Allah a élevé les cieux sans piliers visibles — une image frappante de la qudra (puissance) divine. Le soleil et la lune sont soumis (musakhkhar), chacun poursuivant sa course vers un terme fixé. Ce verset invite à la certitude (yaqīn) de la rencontre avec le Seigneur.
Après le ciel, la terre : montagnes stabilisatrices (rawāsī), fleuves nourriciers, fruits en couples. Le Coran souligne que l'alternance jour-nuit est elle-même un signe — pour ceux qui réfléchissent (yatafakkarūn).
Des parcelles voisines arrosées de la même eau produisent des fruits différents : preuve de la volonté (irāda) et de la sagesse divine.
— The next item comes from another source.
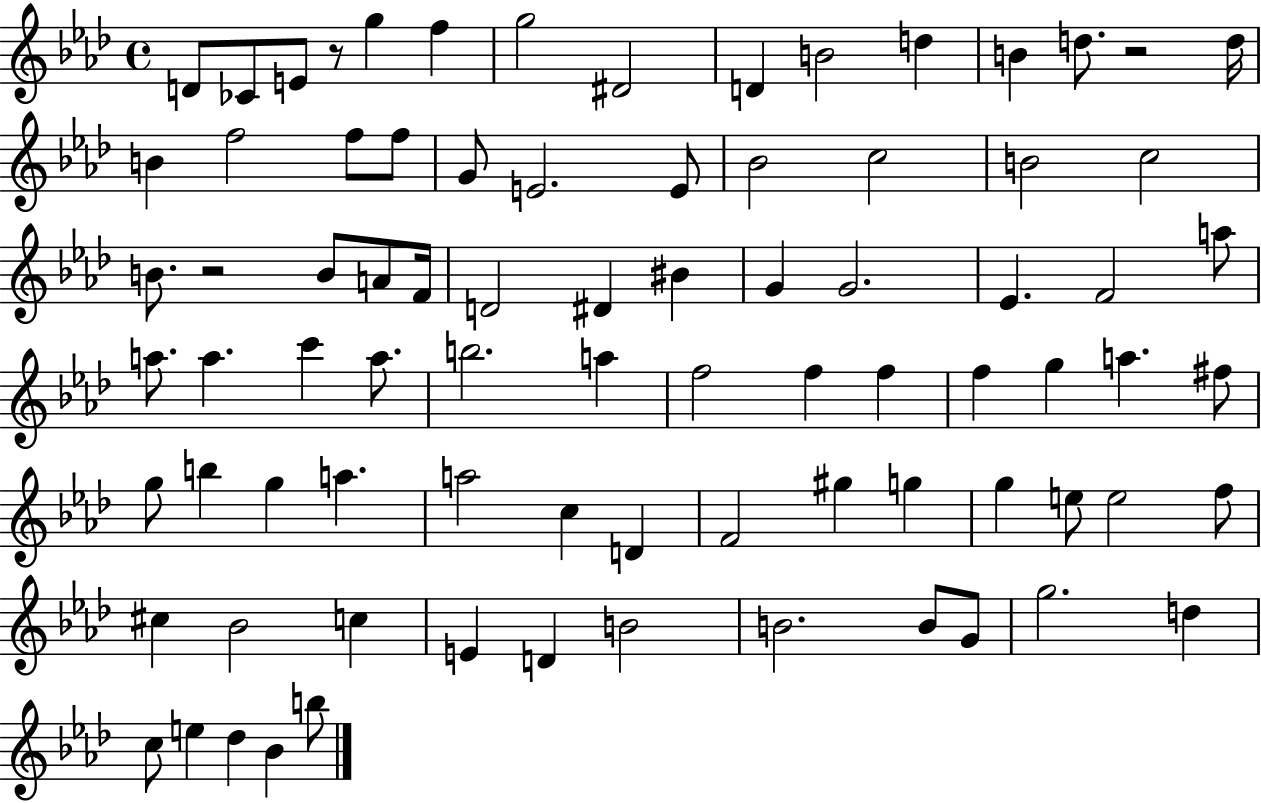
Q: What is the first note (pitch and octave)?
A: D4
Ce verset s'adresse « à ceux qui raisonnent » (yaʿqilūn), complétant la triade : tafakkur (v. 3), taʿaqqul (v. 4), yaqīn (v. 2).
Allah interpelle le Prophète ﷺ : si quelque chose est vraiment étonnant, c'est la parole de ceux qui, voyant ces preuves cosmiques, nient la résurrection. Trois conséquences sont énumérées : kufr (mécréance), aghlāl (jougs au cou), et khulūd fī al-nār (éternité dans le Feu).
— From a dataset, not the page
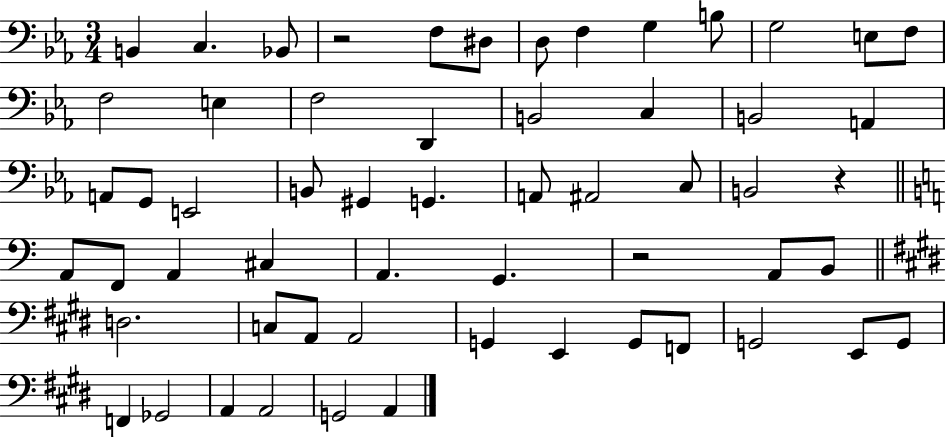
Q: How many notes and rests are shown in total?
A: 58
Verset à double mouvement : Allah est Pardonneur (dhū maghfira) malgré l'injustice des hommes, et en même temps sévère en châtiment (shadīd al-ʿiqāb). Ce balancement entre espoir (rajāʾ) et crainte (khawf) est caractéristique de la sourate.
Les incrédules réclament un miracle matériel. La réponse est concise : le Prophète ﷺ est un avertisseur (mundhir), et chaque peuple a son guide (hād). Le miracle est le Coran lui-même — la vraie āya est dans le Livre, pas dans le spectaculaire.
Allah connaît ce que porte chaque femelle, ce que les matrices perdent ou retiennent. Chaque chose est chez Lui selon une mesure (miqdār). Il est le Connaisseur du ghayb (invisible) et de la shahāda (visible), al-Kabīr (le Grand), al-Mutaʿāl (le Sublime).
Parole secrète ou publique, cachette nocturne ou promenade en plein jour : tout est égal devant la science divine. Ce verset prépare le terrain pour le grand principe du verset suivant.
Un des versets les plus cités du Coran : Allah ne change pas l'état d'un peuple tant qu'ils ne changent pas ce qui est en eux-mêmes. Ce principe de la sunna divine (sunnat Allāh) lie le destin collectif à la transformation intérieure. C'est à la fois un encouragement au changement positif et un avertissement contre la dégradation morale.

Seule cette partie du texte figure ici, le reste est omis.